EXERCISE PROMPT - Output all of the listing below, leaving every line unchanged.

————

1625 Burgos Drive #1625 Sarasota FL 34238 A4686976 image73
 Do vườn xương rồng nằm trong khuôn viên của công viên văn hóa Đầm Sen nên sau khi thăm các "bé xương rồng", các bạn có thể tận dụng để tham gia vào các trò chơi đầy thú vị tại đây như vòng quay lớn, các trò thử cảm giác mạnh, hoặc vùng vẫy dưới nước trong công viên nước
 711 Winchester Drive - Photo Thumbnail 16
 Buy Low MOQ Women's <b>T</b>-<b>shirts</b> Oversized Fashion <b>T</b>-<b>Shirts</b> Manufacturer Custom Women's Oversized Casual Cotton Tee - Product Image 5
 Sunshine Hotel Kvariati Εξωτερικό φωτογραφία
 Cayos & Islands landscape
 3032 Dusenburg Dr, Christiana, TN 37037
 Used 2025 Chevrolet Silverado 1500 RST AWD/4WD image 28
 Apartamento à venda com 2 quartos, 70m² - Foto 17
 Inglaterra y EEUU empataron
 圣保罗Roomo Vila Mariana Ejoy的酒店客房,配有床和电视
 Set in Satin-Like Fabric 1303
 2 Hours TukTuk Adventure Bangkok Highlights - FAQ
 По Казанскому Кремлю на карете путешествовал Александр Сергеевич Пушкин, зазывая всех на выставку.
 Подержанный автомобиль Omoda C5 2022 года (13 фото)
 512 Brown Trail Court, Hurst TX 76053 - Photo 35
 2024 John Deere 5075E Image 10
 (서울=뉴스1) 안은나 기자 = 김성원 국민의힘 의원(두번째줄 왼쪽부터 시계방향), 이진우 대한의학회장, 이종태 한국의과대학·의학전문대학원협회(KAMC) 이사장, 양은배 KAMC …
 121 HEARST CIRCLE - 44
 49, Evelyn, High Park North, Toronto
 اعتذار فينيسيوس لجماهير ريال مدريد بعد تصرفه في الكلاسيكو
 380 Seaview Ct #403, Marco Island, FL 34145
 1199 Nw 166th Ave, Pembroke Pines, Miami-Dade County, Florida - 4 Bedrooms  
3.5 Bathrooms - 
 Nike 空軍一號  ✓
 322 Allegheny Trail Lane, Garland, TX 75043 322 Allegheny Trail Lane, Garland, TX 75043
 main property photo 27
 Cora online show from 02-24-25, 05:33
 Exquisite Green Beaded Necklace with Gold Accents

————

REPLY TO THE TASK -
1625 Burgos Drive #1625 Sarasota FL 34238 A4686976 image73
 Do vườn xương rồng nằm trong khuôn viên của công viên văn hóa Đầm Sen nên sau khi thăm các "bé xương rồng", các bạn có thể tận dụng để tham gia vào các trò chơi đầy thú vị tại đây như vòng quay lớn, các trò thử cảm giác mạnh, hoặc vùng vẫy dưới nước trong công viên nước
 711 Winchester Drive - Photo Thumbnail 16
 Buy Low MOQ Women's <b>T</b>-<b>shirts</b> Oversized Fashion <b>T</b>-<b>Shirts</b> Manufacturer Custom Women's Oversized Casual Cotton Tee - Product Image 5
 Sunshine Hotel Kvariati Εξωτερικό φωτογραφία
 Cayos & Islands landscape
 3032 Dusenburg Dr, Christiana, TN 37037
 Used 2025 Chevrolet Silverado 1500 RST AWD/4WD image 28
 Apartamento à venda com 2 quartos, 70m² - Foto 17
 Inglaterra y EEUU empataron
 圣保罗Roomo Vila Mariana Ejoy的酒店客房,配有床和电视
 Set in Satin-Like Fabric 1303
 2 Hours TukTuk Adventure Bangkok Highlights - FAQ
 По Казанскому Кремлю на карете путешествовал Александр Сергеевич Пушкин, зазывая всех на выставку.
 Подержанный автомобиль Omoda C5 2022 года (13 фото)
 512 Brown Trail Court, Hurst TX 76053 - Photo 35
 2024 John Deere 5075E Image 10
 (서울=뉴스1) 안은나 기자 = 김성원 국민의힘 의원(두번째줄 왼쪽부터 시계방향), 이진우 대한의학회장, 이종태 한국의과대학·의학전문대학원협회(KAMC) 이사장, 양은배 KAMC …
 121 HEARST CIRCLE - 44
 49, Evelyn, High Park North, Toronto
 اعتذار فينيسيوس لجماهير ريال مدريد بعد تصرفه في الكلاسيكو
 380 Seaview Ct #403, Marco Island, FL 34145
 1199 Nw 166th Ave, Pembroke Pines, Miami-Dade County, Florida - 4 Bedrooms  
3.5 Bathrooms - 
 Nike 空軍一號  ✓
 322 Allegheny Trail Lane, Garland, TX 75043 322 Allegheny Trail Lane, Garland, TX 75043
 main property photo 27
 Cora online show from 02-24-25, 05:33
 Exquisite Green Beaded Necklace with Gold Accents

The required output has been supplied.